Though the Korean Wave clearly has benefitted South Korea the most, it has some positive impacts on other countries other than having an alternative to the previously Western-dominated media. The intrigue and interest that its dramas have created is such that fans from America to Pakistan aspire to see South Korea. This gives a great boost to the country’s tourism but it also opens up opportunities for work and education for foreigners. I’ve interviewed Pakistani K-pop dancers who are studying in Korea just because they feel they can express their passion there and have more space to be themselves. If they’re not in Korea yet, they plan to do so just like we planned to go to colleges in the UK, US and Canada.

The takeover of Turkish dramas in Pakistan beginning with Ishq-e-Mamnoon and peaking with Ertugrul made Pakistanis dabble with learning Turkish. With Korean music and shows, fans are inclined to learn the language even more. A member of BTS has famously learnt English by watching American sitcom Friends; in turn his foreign audiences are learning Korean through listening to his music.

Today, K-dramas have succeeded in defeating Chinese soap operas and Japanese dramas in the preferences of Asian, Middle Eastern and Central Asian audiences. In fact, half of the world’s audiences are watching K-dramas, and the international media have taken note. Netflix started including K-dramas in its list in 2008. A favourable step for the streaming service and for South Korea. The number of viewers of K-dramas increased worldwide during the Covid-19 pandemic and series such as Crash Landing on You and Squid Game became household staples.

Japan on the other hand, has effectively utilised manga as a key element in its soft power strategy.
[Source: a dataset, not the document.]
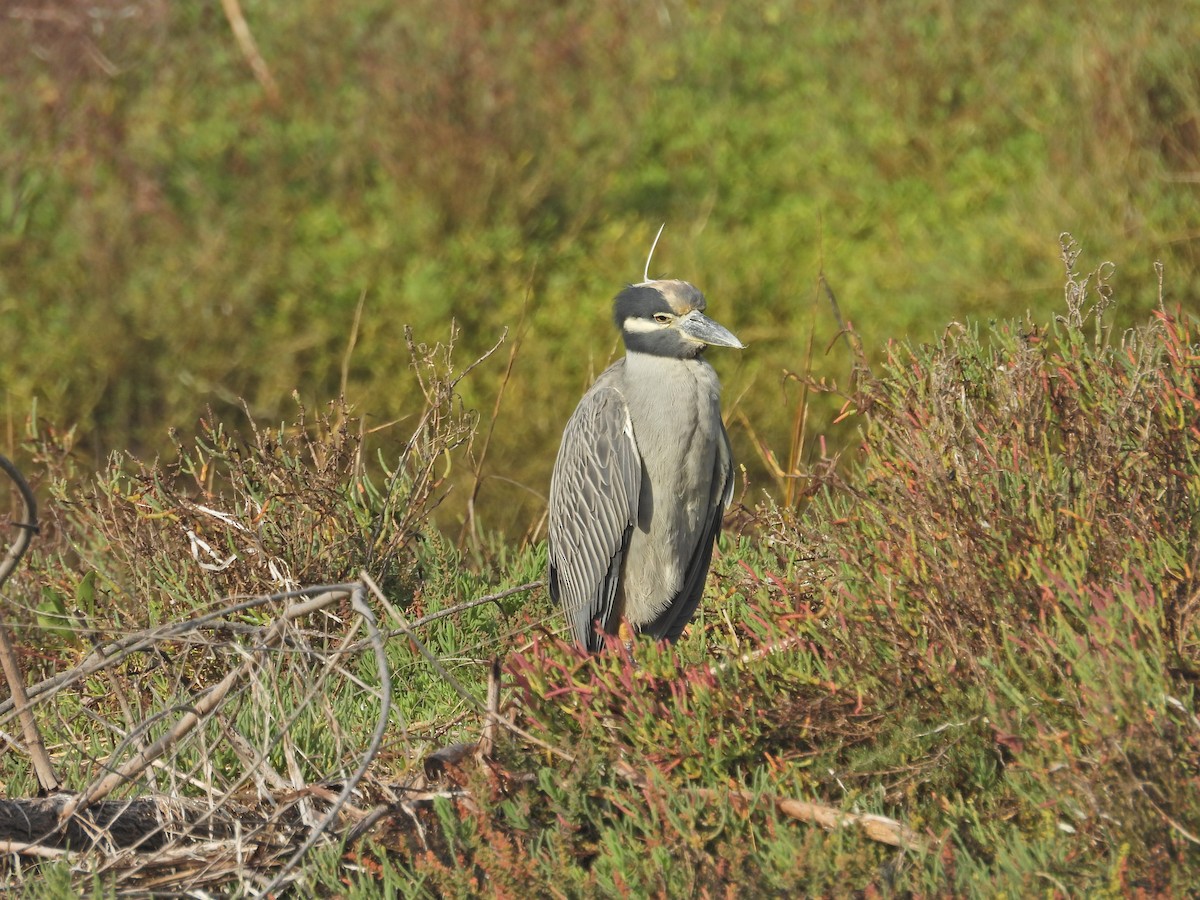 Sarı Tepeli Gece Balıkçılı - ML645167729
The strategic use of pop culture, including manga and anime, has been a significant part of Japan's post-World War II foreign policy, to promote Japan’s global image. Along with video games, cartoons and comic books have retained Japan’s image as a modern and artistic country in the cultural zeitgeist for generations. It has also led to an increase in people studying the Japanese language and culture worldwide.
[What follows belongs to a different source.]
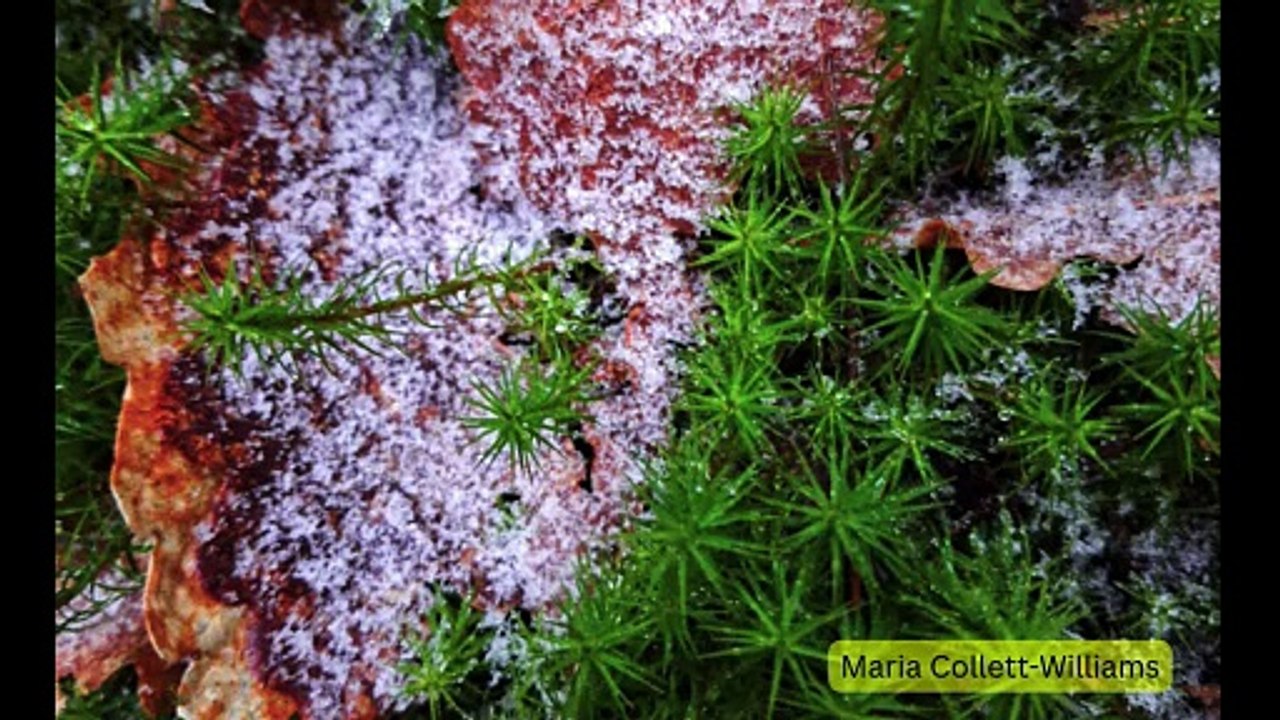 Picture This: Cold photographs!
Manga has been an adaptable global popular cultural product. Its impact on readers and their worldview has been magnified by the fact that most are young and impressionable when they first encounter it. In European countries people take up reading manga before the age of 10. Nearly half of the teens would be familiar with what manga is and continue reading it in secondary school. This is a crucial time for identity formation. Its impact has in fact been documented among British teenagers.
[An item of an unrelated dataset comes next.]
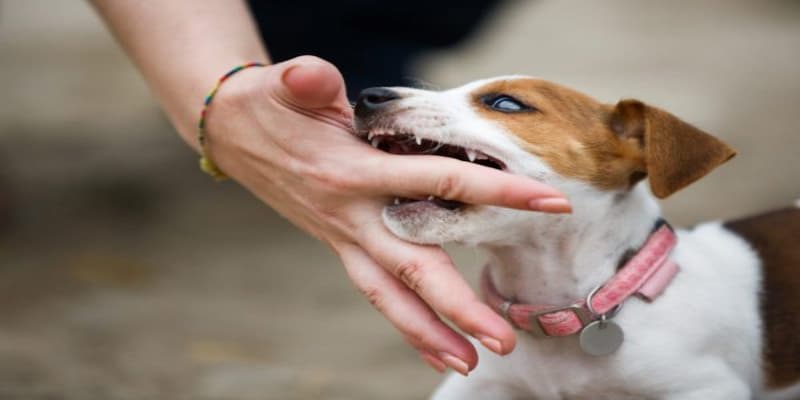 Hành trình giải mã giấc mơ về loài chó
Pakistan has been utilising cultural diplomacy as a crucial part of its soft power strategy to project a positive image internationally. One notable initiative is Coke Studio which showcases our rich musical heritage. It’s huge across the border. Indians love our music as much as we love their films. This exchange of culture fails to translate in political diplomacy. Yet it is a cherished bond in people-to-people interaction. Notwithstanding Javed Akhtar’s Lahore visits.

Tension between the two neighbours was high at the Line of Control even back when Zindagi channel was launched. The platform aired Pakistani soaps in India and attracted many viewers for popular serials like Humsafar. Of course, Indians enjoyed our dramas and were fascinated by cultural similarities and in our languages. However, instead of allowing positive cultural exchange to rub off on political pessimism, the opposite occurred and the channel was shut down. Years later collaboration of Pakistani and Indian stars was also ceased. If we continue to be bound by parameters of hate of course soft diplomacy is not a tool that will be of any use to us, perhaps in the interactions that matter the most.